Data excerpt:
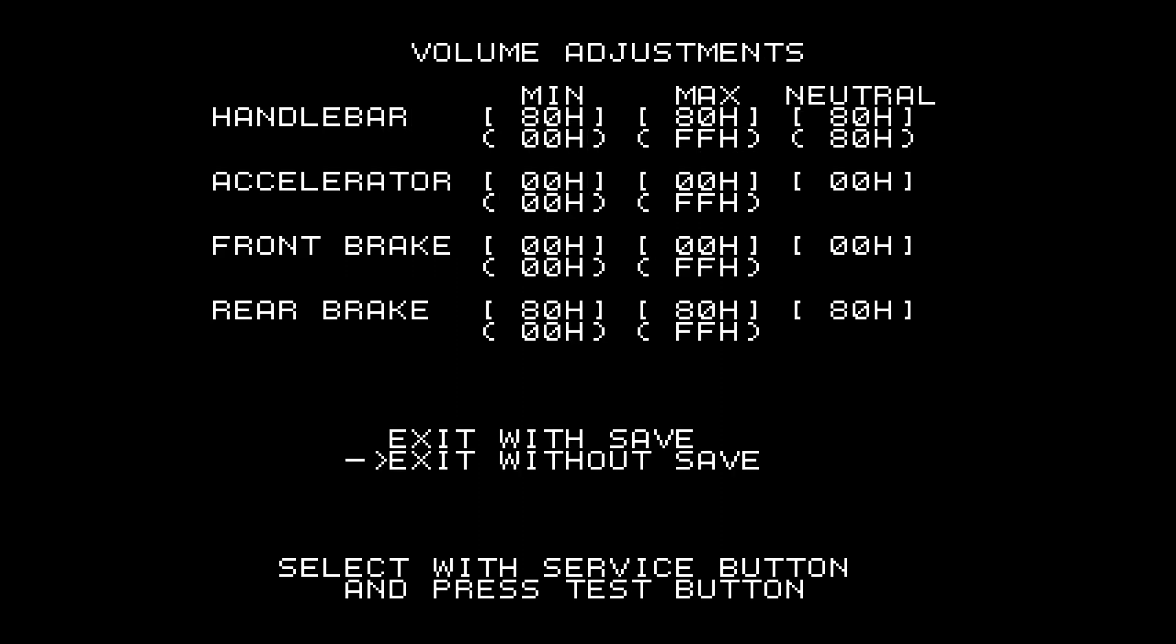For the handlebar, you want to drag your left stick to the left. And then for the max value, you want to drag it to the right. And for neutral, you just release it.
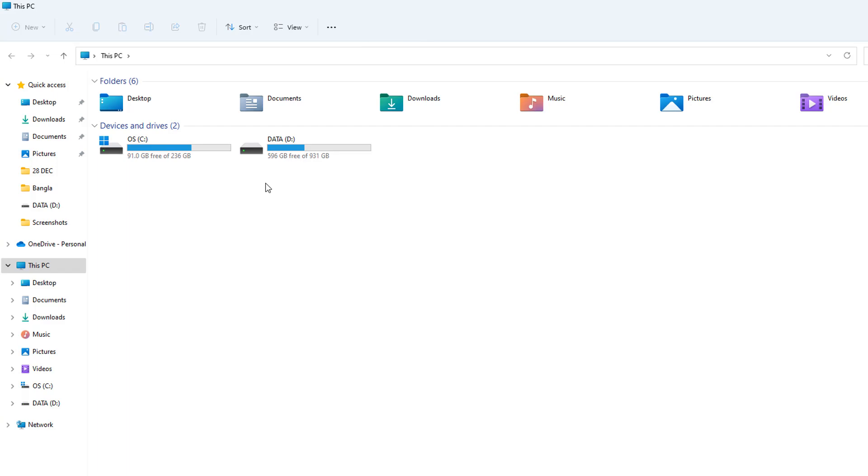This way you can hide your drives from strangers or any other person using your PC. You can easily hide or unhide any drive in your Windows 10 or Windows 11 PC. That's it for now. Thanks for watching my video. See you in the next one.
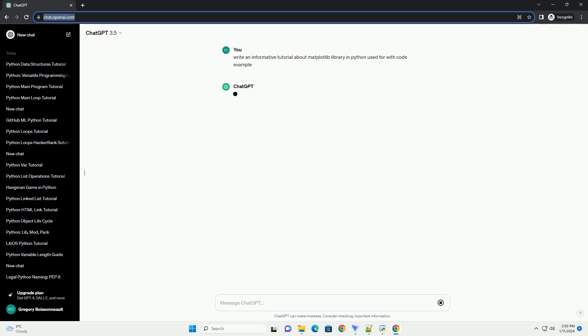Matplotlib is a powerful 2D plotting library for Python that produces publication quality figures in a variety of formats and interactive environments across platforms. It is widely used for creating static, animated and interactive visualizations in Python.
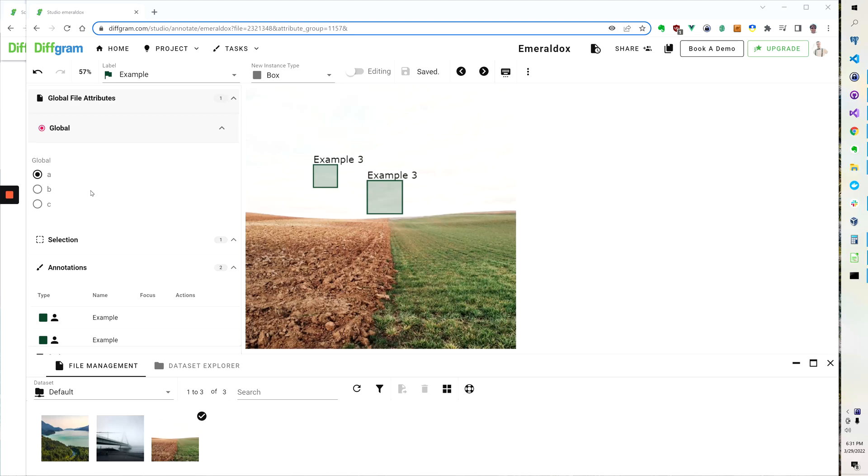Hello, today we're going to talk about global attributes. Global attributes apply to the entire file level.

Prompt: Working from the line containing "This way you" to the last line of the data, retype every line exactly, both ends included, and leave out all pictures.

Solution:
This way you can hide your drives from strangers or any other person using your PC. You can easily hide or unhide any drive in your Windows 10 or Windows 11 PC. That's it for now. Thanks for watching my video. See you in the next one.
Matplotlib is a powerful 2D plotting library for Python that produces publication quality figures in a variety of formats and interactive environments across platforms. It is widely used for creating static, animated and interactive visualizations in Python.
Hello, today we're going to talk about global attributes. Global attributes apply to the entire file level.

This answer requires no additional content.